Europe is home to a vibrant community of young entrepreneurs working on internet-based solutions for improving the interaction between citizens and governments. An outstanding representative of this generation is Aline Muylaert, the Under 30 co-founder of Brussels-based startup Citizenlab. Launched in 2015, the company builds citizen participation platforms, currently used by more than 75 public authorities in seven European countries and Canada. Aline’s vision for Citizenlab is to bridge the gap between governance and technology at the local level: “We’re living in a digital age but are still using pen and paper to communicate with our governments. Citizens are asking for more transparency and want to have their say in the city’s policy”. However, “small- to mid-sized cities don’t have the time, nor the budget to develop in-house online participation solutions”. Citizenlab meets this need by developing a “ready-to-use and affordable way to collect input from their citizens”.
Cities use the platform to organize public consultations or compile citizen solutions around a specific issue. For instance, the Belgian city of Hasselt used Citizenlab to incorporate citizen recommendations in a park reconstruction project. The city of Vancouver, Canada, used the platform to source ideas on how to invest net revenue from their Empty Homes Tax into affordable housing initiatives. But how does Citizenlab compile and make sense of all this data? As Aline explains, the startup uses Natural Language Processing to help cities “cluster their content thematically, geographically or demographically and bring it to the right people inside the organizations.”
An interesting aspect of the Citizenlab journey is that Aline started the project with her co-founder Wietze during their university studies in Brussels. “Being a student entrepreneur helped us build our prototype and find the first clients without having the pressure to immediately make money”, she remembers. Today, Aline is Head of Sales and responsible for meeting the company’s customer acquisition targets in the different markets: “half of my time is spent on the road, meeting cities, the other half is spent in the office on lead generation, follow up and alignment with the team”.

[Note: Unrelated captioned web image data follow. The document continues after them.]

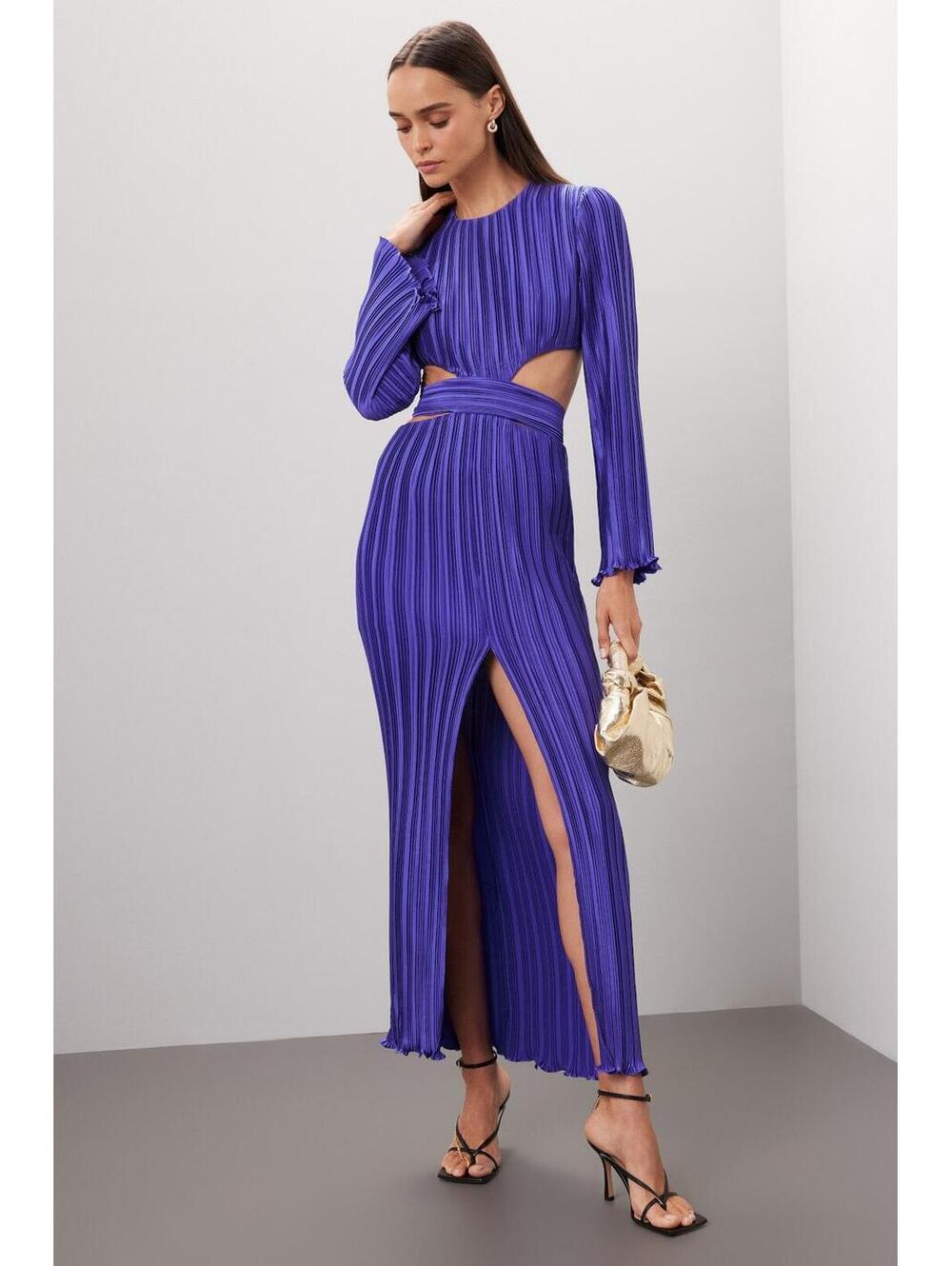 AIIFOS Phillipa Gown Size 4
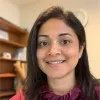 Aliviya Ghosh
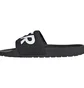 Тапочки мужские Adidas Terrex Adilette Black Eg5129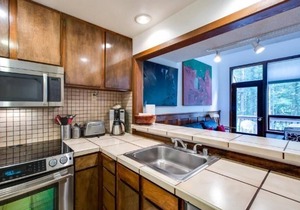 Holiday apartment Deming for 1 - 6 persons with 2 bedrooms - Holiday apartment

Most startups in the civic tech space have difficulties finding sustainable business models, but Citizenlab seems to have found the right approach. The key to their successful sales strategy is two-fold. First, as Aline emphasizes, “from the beginning we decided to focus on the niche of local governments”. This enabled the company to concentrate its tech development and sales efforts on the needs of one core client category. Second, Citizenlab charges cities for using the platform based on a yearly subscription fee. “We want to have commitment from a local government before launching a citizen engagement platform”, she explains. So, asking local authorities to bear the financial burden of implementing online deliberation mechanisms ensures that they are truly motivated to incorporate citizen input in their decision-making processes.
Cofounder of a socially impactful startup and a Forbes Europe under 30 honoree at 24 years old, Aline is a true role model for driven young individuals aspiring to start an enterprise in civic technology. So, we talked about why there are fewer women in top leadership positions relative to men in this field and what we can do to change this trend. “You need to understand the public sector and combine this understanding with a good sense of entrepreneurship. I think women are often not sure if they are good at both”, Aline explains. However, “women in civic tech have an advantage because we’re perceived as more caring and as social entrepreneurs instead of only doing it for the money.” From her experience, “access to networks and contacts would be a great way to give women the push they need.”
Aline ends our interview with these words of advice for young entrepreneurs working on digital democracy projects: “Be confident and make sure you have a good personal click with the first cities or politicians you work with. This loyalty and trust will help you grow the business.”